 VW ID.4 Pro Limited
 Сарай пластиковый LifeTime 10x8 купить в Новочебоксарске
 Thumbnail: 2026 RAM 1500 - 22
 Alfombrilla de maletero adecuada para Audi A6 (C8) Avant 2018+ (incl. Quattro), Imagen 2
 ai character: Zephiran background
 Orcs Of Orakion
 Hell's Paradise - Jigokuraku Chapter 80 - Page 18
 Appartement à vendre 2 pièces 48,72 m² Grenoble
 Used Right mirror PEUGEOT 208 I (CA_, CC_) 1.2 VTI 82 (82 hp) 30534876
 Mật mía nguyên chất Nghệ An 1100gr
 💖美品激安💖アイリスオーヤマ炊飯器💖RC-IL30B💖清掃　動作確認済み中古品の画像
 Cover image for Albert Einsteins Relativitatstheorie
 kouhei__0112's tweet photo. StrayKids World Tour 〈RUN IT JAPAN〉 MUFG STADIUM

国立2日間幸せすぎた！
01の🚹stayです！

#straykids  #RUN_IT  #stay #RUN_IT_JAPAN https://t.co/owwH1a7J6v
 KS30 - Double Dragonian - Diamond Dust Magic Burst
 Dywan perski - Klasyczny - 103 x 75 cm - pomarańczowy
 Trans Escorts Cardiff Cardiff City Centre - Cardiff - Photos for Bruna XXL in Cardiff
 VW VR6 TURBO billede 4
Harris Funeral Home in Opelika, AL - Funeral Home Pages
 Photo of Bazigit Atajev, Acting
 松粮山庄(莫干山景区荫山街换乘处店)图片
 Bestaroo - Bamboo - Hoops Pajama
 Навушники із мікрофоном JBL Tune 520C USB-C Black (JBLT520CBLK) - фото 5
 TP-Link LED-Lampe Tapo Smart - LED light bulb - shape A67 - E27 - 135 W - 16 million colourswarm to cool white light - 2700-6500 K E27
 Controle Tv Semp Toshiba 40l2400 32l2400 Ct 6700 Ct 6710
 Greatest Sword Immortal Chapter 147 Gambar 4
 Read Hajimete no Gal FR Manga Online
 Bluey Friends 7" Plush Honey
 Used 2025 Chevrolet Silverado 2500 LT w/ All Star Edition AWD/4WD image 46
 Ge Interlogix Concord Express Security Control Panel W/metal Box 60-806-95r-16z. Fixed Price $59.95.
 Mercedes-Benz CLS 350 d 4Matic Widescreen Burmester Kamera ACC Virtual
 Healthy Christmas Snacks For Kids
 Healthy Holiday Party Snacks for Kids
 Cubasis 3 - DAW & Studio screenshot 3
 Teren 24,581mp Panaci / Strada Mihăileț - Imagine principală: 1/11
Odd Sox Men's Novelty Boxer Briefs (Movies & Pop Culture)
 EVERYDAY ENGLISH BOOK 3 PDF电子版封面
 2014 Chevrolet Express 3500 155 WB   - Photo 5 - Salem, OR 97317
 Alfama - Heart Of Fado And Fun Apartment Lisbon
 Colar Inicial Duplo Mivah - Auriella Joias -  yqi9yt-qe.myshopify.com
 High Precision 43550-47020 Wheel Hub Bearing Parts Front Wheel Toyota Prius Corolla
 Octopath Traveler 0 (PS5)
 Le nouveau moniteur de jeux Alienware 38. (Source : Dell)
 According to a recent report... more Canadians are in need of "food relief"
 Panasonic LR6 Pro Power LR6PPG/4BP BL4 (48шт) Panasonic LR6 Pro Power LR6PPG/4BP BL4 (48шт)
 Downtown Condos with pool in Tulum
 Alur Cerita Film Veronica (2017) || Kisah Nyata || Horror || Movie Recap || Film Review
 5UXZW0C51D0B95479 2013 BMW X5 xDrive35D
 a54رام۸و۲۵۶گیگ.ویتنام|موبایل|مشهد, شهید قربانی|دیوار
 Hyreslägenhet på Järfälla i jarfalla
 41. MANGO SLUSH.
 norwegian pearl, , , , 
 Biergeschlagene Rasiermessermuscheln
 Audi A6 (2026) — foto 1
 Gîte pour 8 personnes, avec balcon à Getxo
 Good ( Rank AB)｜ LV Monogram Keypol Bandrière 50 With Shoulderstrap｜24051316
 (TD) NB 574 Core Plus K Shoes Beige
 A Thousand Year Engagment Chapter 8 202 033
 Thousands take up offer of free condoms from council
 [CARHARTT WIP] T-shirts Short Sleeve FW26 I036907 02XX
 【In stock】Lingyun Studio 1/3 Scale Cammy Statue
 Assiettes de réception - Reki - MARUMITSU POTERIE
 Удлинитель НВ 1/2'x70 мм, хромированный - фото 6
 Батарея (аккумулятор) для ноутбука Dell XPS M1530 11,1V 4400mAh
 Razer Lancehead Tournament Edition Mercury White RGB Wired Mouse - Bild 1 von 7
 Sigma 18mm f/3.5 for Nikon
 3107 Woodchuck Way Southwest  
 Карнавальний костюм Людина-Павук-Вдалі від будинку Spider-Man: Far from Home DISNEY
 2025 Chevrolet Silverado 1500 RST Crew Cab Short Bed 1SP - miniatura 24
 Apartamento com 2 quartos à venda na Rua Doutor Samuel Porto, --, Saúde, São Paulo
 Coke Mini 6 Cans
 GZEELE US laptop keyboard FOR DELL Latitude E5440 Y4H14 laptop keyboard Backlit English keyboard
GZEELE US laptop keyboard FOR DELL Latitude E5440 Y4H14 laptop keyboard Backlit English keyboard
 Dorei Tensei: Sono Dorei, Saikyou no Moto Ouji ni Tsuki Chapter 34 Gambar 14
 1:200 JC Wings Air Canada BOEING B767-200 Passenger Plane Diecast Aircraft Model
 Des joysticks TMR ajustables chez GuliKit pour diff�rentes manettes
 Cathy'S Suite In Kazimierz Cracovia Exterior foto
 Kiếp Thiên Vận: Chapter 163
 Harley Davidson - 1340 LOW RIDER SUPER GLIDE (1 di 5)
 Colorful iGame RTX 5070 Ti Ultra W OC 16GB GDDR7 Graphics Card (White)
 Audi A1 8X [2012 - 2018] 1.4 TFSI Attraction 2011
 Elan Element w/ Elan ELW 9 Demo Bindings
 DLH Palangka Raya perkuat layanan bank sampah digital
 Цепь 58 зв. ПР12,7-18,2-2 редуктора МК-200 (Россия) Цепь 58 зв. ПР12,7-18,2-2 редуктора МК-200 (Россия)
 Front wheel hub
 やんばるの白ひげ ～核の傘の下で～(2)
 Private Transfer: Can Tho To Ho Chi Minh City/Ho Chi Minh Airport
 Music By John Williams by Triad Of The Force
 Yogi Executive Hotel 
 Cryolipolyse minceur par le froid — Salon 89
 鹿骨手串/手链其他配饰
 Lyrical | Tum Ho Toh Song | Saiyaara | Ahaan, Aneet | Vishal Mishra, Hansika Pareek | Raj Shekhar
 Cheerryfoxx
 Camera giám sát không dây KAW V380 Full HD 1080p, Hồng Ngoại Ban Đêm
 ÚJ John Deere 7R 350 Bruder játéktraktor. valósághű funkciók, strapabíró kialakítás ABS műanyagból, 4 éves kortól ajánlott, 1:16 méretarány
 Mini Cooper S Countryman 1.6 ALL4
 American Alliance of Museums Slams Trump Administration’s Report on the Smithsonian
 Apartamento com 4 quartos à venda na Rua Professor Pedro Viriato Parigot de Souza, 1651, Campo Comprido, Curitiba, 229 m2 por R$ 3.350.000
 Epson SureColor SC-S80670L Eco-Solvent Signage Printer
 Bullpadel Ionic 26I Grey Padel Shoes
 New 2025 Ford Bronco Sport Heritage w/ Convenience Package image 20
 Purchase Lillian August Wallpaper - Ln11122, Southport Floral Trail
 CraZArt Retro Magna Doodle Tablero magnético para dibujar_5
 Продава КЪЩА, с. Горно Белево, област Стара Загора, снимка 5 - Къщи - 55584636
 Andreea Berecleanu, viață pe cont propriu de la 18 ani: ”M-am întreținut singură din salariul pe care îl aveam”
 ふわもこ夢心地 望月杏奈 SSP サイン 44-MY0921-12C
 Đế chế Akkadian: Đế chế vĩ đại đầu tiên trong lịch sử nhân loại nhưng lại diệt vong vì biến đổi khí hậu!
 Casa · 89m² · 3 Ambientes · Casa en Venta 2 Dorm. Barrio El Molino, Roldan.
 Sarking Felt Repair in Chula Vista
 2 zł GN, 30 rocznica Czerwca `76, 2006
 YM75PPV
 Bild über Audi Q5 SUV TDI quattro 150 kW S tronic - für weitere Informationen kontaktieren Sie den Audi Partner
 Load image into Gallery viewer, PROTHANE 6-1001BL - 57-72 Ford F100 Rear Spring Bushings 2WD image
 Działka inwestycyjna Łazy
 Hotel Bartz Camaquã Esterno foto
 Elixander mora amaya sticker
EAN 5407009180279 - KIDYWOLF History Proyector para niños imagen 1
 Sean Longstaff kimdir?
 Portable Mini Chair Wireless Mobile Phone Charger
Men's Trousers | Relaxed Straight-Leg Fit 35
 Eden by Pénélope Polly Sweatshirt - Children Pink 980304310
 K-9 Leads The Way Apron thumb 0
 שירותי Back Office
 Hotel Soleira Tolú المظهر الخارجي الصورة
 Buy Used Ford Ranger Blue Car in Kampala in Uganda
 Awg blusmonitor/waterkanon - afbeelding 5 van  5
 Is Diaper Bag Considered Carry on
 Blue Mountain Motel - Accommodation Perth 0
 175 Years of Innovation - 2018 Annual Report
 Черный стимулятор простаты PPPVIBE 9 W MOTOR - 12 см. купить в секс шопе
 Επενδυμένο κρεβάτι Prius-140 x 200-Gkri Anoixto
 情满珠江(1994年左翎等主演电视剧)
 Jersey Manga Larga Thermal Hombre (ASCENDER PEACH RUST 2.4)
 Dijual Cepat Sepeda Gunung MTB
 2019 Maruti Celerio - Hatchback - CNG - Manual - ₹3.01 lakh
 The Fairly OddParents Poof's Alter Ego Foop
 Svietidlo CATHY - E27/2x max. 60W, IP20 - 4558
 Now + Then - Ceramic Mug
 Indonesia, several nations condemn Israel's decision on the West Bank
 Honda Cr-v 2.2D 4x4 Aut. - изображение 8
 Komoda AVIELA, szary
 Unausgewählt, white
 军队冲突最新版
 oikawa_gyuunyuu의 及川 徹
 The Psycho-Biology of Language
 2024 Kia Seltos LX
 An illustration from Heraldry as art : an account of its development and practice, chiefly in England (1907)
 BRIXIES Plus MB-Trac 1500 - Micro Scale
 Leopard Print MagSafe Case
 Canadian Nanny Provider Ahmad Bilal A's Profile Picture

☆ ☆ ☆ ☆ ☆ ☆ ☆

What to do> Each line from the start of the listing through the line with "Orcs Of Orakion" is to be restated verbatim, both ends included.

Result>
 VW ID.4 Pro Limited
 Сарай пластиковый LifeTime 10x8 купить в Новочебоксарске
 Thumbnail: 2026 RAM 1500 - 22
 Alfombrilla de maletero adecuada para Audi A6 (C8) Avant 2018+ (incl. Quattro), Imagen 2
 ai character: Zephiran background
 Orcs Of Orakion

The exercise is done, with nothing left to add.